Edwin T Jaynes - Collected Quotes

"In conventional statistical mechanics the energy plays a preferred role among all dynamical quantities because it is conserved both in the time development of isolated systems and in the interaction of different systems. Since, however, the principles of maximum-entropy inference are independent of any physical properties, it appears that in subjective statistical mechanics all measurable quantities may be treated on the same basis, subject to certain precautions." (Edwin T Jaynes, "Information Theory and Statistical Mechanics" I, 1956)

"Just as in applied statistics the crux of a problem is often the devising of some method of sampling that avoids bias, our problem is that of finding a probability assignment which avoids bias, while agreeing with whatever information is given. The great advance provided by information theory lies in the discovery that there is a unique, unambiguous criterion for the 'amount of uncertainty' represented by a discrete probability distribution, which agrees with our intuitive notions that a broad distribution represents more uncertainty than does a sharply peaked one, and satisfies all other conditions which make it reasonable." (Edwin T Jaynes, "Information Theory and Statistical Mechanics" I, 1956)

"On the other hand, the 'subjective' school of thought, regards probabilities as expressions of human ignorance; the probability of an event is merely a formal expression of our expectation that the event will or did occur, based on whatever information is available. To the subjectivist, the purpose of probability theory is to help us in forming plausible conclusions in cases where there is not enough information available to lead to certain conclusions; thus detailed verification is not expected. The test of a good subjective probability distribution is does it correctly represent our state of knowledge as to the value of x?" (Edwin T Jaynes, "Information Theory and Statistical Mechanics" I, 1956)

"The mere fact that the same mathematical expression -Σ pi log(pi) [i is index], occurs both in statistical mechanics and in information theory does not in itself establish any connection between these fields. This can be done only by finding new viewpoints from which thermodynamic entropy and information-theory entropy appear as the same concept." (Edwin T Jaynes, "Information Theory and Statistical Mechanics" I, 1956)

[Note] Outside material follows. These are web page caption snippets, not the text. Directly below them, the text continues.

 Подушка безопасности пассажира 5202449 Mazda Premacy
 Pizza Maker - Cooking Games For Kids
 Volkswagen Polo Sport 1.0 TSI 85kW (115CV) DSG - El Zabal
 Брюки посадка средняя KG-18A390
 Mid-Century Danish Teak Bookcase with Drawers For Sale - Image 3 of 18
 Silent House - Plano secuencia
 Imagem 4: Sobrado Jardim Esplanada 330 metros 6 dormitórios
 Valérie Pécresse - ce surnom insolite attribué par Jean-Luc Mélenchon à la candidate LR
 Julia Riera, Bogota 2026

"[...] thermodynamics knows of no such notion as the 'entropy of a physical system'. Thermodynamics does have the concept of the entropy of a thermodynamic system; but a given physical system corresponds to many different thermodynamic systems." (Edwin T Jaynes, "Gibbs vs Boltzmann Entropies", 1964)

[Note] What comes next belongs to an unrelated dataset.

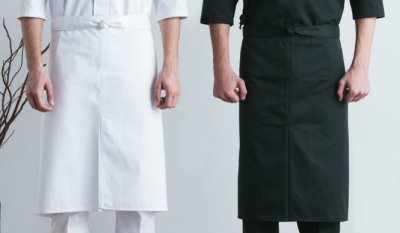 画像5: DN-6865 エプロン (2色) (5)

"In particular, the uncertainty principle has stood for a generation, barring the way to more detailed descriptions of nature; and yet, with the lesson of parity still fresh in our minds, how can anyone be quite so sure of its universal validity when we note that, to this day, it has never been subjected to even one direct experimental test?" (Edwin T Jaynes, "Foundations of Probability Theory and Statistical Mechanics", 1967)

"'You cannot base a general mathematical theory on imprecisely defined concepts. You can make some progress that way; but sooner or later the theory is bound to dissolve in ambiguities which prevent you from extending it further.' Failure to recognize this fact has another unfortunate consequence which is, in a practical sense, even more disastrous: 'Unless the conceptual problems of a field have been clearly resolved, you cannot say which mathematical problems are the relevant ones worth working on; and your efforts are more than likely to be wasted.'" (Edwin T Jaynes, "Foundations of Probability Theory and Statistical Mechanics", 1967)

"In decision theory, mathematical analysis shows that once the sampling distribution, loss function, and sample are specified, the only remaining basis for a choice among different admissible decisions lies in the prior probabilities. Therefore, the logical foundations of decision theory cannot be put in fully satisfactory form until the old problem of arbitrariness (sometimes called 'subjectiveness') in assigning prior probabilities is resolved." (Edwin T Jaynes, "Prior Probabilities", 1978)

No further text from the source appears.